The Plano, Texas-based lender has 124 remaining employees and is contemplating reductions in force Aug. 15 and in mid-September, according to a filing Wednesday in the U.S. Bankruptcy Court for the District of Delaware. Since FGMC sought Chapter 11 protection June 30, eight workers have quit, at least 10 are considering resigning or know a colleague who might and others are being pursued by competitors.
The firm in consultation with one of its debtor-in-possession financiers, parent company PIMCO, said it’s developed a bonus program to incentivize remaining employees to continue to fund, close and sell remaining loans, maintain technology and cybersecurity and close branches, among other operations.

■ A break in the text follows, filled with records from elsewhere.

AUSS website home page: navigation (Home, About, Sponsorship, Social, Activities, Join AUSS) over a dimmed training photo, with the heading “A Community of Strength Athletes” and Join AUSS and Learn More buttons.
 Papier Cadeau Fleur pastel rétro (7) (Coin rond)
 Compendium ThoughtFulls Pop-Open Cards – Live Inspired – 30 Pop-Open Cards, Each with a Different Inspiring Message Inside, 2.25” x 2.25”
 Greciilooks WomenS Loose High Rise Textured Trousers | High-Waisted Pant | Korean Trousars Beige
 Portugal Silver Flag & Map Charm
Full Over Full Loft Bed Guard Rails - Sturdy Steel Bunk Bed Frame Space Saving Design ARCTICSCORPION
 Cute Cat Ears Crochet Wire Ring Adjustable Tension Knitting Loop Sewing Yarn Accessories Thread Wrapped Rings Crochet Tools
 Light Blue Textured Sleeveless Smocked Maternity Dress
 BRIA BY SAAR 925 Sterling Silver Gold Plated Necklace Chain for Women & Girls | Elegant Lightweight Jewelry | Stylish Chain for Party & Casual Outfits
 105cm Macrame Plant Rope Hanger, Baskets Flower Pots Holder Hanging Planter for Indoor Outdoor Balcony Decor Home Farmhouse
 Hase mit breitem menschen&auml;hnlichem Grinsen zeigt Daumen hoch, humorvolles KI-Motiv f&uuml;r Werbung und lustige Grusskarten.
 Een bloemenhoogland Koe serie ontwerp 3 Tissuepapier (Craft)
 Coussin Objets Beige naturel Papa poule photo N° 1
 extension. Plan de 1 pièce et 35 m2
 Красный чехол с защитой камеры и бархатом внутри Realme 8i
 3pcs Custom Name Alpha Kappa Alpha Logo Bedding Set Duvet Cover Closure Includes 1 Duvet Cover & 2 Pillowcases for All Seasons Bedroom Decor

Six FGMC executives could receive combined bonuses exceeding $3.2 million on top of their combined $2.4 million base salaries if they meet specific pipeline resolution and wind down goals over the next four months, according to a filing. The remaining staff, should they stay with the company, are eligible to receive $1.4 million for the similar benchmarks. The program is pending a judge’s approval in an Aug. 2 hearing.
The lender in a statement Thursday acknowledged the bonus program and did not specify how many employees it expects to keep to complete loan closings for current customers.
“From the outset, one of the Company’s primary goals was to protect borrowers in the pipeline and allow them to move forward with their transactions,” a company spokesperson said. “The Company is closing as many of these transactions as possible and also helping to facilitate closings at other lenders, should the customer decide that another route is best for them.”
The firm, which owes its warehouse lenders approximately $418 million, has already been granted by a judge $175 million in debtor-in-possession financing from both PIMCO and Barclays Bank to fund loans already in its pipeline, according to court documents.
Customers Bank, which holds FGMC’s largest unsecured claim of $25 million, also reached an agreement for FGMC to hold servicer payments from Rushmore Loan Management Services into a separate account to satisfy Customers’ cash collateral. The Customers agreement will be heard by a judge in a hearing next Thursday.
The embattled lender also revealed it engaged with advisory firm FTI Consulting for a potential restructuring on June 6, over two weeks before FGMC laid off nearly 80% of its workforce, CEO Aaron Samples wrote in a Monday filing. In the month preceding the bankruptcy filing, FGMC paid FTI just under $2 million for its services, including its $500K retainer.
FGMC also defended itself against three class action complaints from employees fired in June’s mass layoff, stating in a court filing the cases have no merit and that no Worker Adjustment and Retraining Notification damages are owed to former workers. It didn’t address a separate gender discrimination lawsuit filed against current and former company leaders.
A plan for either reorganization or liquidation will be filed in the third or fourth quarter of this year, FGMC disclosed.